§ PROBLEM DETAILS: Copy word for word the lines in the records below, starting at the line with "The charger has two" and ending at the line with "Sometimes a female". Skip the pictures.

§ RECORDED INFORMATION:
────────────────
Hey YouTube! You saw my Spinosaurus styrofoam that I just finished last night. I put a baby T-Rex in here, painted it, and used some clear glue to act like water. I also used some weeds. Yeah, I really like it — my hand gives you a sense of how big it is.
────────────────
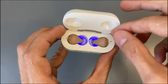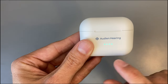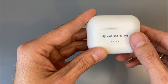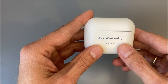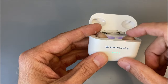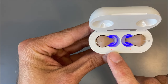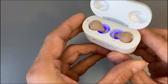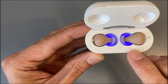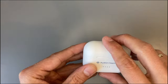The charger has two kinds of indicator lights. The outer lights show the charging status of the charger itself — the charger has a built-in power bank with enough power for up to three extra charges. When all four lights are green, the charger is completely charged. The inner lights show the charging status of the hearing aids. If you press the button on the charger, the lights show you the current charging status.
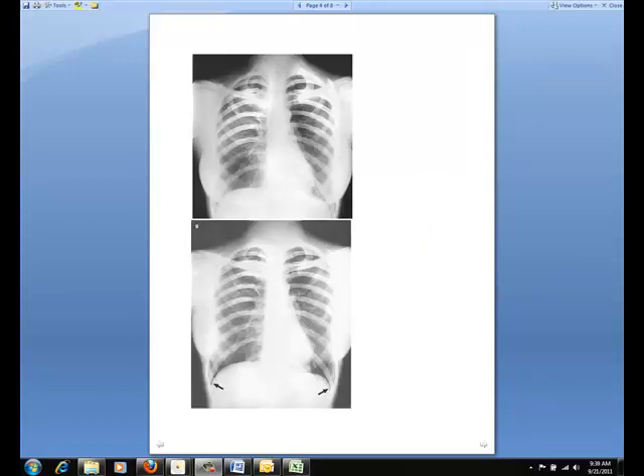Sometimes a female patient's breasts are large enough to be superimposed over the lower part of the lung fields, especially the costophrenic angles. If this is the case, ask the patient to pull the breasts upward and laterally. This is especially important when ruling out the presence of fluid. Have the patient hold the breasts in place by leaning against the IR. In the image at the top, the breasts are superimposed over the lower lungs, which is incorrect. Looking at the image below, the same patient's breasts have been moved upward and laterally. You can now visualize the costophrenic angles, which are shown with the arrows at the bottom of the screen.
────────────────
§ OUTPUT FOR THIS TASK:
The charger has two kinds of indicator lights. The outer lights show the charging status of the charger itself — the charger has a built-in power bank with enough power for up to three extra charges. When all four lights are green, the charger is completely charged. The inner lights show the charging status of the hearing aids. If you press the button on the charger, the lights show you the current charging status.
Sometimes a female patient's breasts are large enough to be superimposed over the lower part of the lung fields, especially the costophrenic angles. If this is the case, ask the patient to pull the breasts upward and laterally. This is especially important when ruling out the presence of fluid. Have the patient hold the breasts in place by leaning against the IR. In the image at the top, the breasts are superimposed over the lower lungs, which is incorrect. Looking at the image below, the same patient's breasts have been moved upward and laterally. You can now visualize the costophrenic angles, which are shown with the arrows at the bottom of the screen.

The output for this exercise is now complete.